Hrm. That sounded more like a flashback than overstimulation. Given that he was definitely brought to the Heptadome by Ford, who had just dealt with Lucrecia… it’s entirely possible that PSI King was traumatized by the Deluge of Grulovia. She wonders…
Time for a test. While by default, anything said inside a mind was automatically translated unless absolutely no common language existed, and languages with common roots could get at least a little across, it was possible to speak in a specific language if you tried. “What is the purpose of your visit?” Tanya asked in Grulovian. “Do you have your visa?”
PSI King paused. “I think I understood that.” He said. “You’re asking me what I’m doing, right? And if I have… something. What’s a visa? I don’t think I have one.”
So he does know Grulovian, but not fluently.

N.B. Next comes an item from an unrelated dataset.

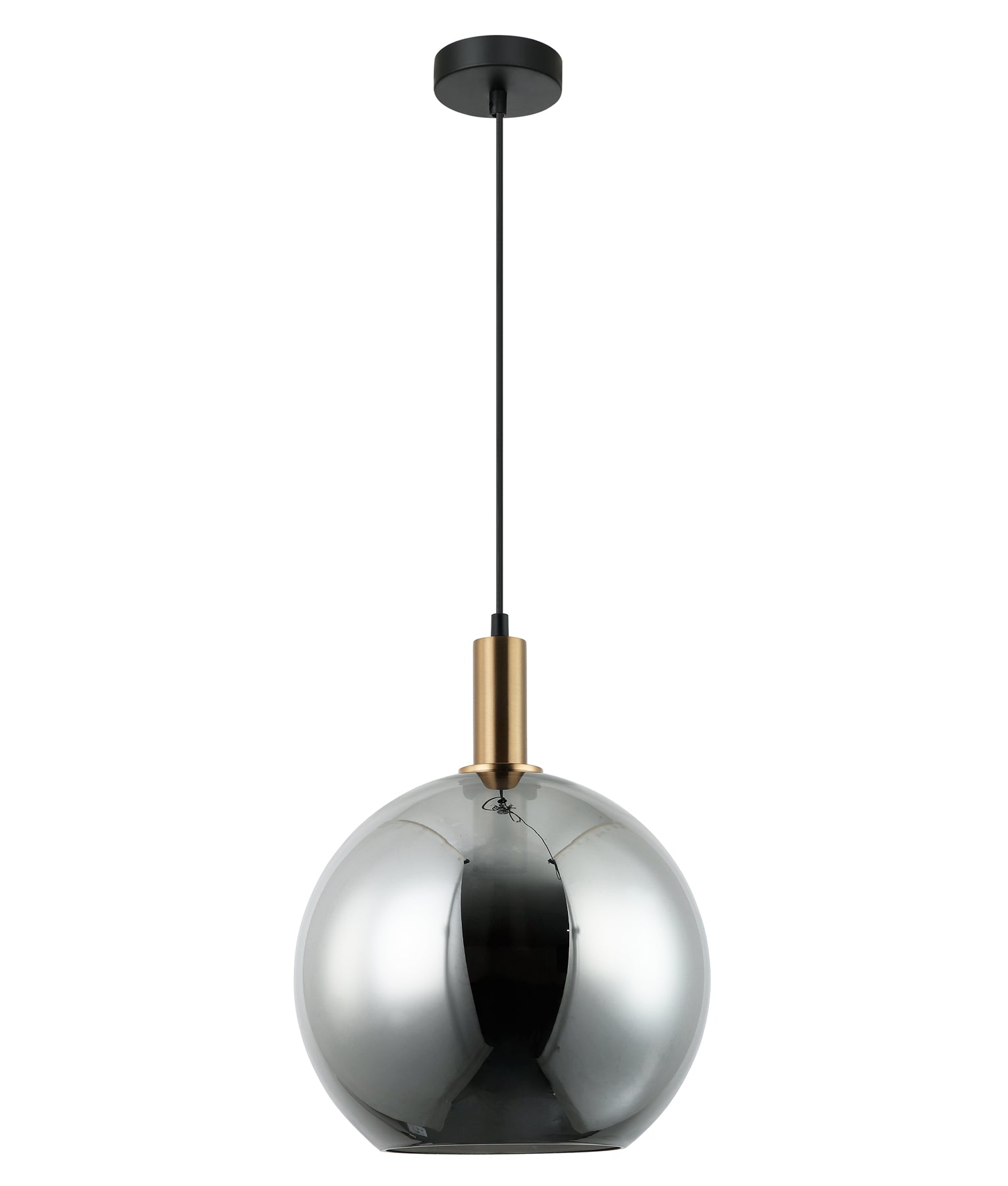 PATERA Pendant Light, One Light Glass Shade (Clear/Black/Amber)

More evidence for the pilot theory. “I was just testing your fluency.” Tanya said. “That was Grulovian, which is clearly not your native language, but one you know a few words in.” Well, it was also possible that she just used an incredibly archaic term, but Augustus didn’t say she sounded strange when she asked him to rate her fluency, so probably not. “I said something that didn’t make sense in context, so you could only understand it if you knew the language.”
“Oh.” PSI King said. “Well, okay then.”
“Still, I expected that more visual stimulation would summon some sort of entity similar to Audie O.” Tanya said, thinking out loud.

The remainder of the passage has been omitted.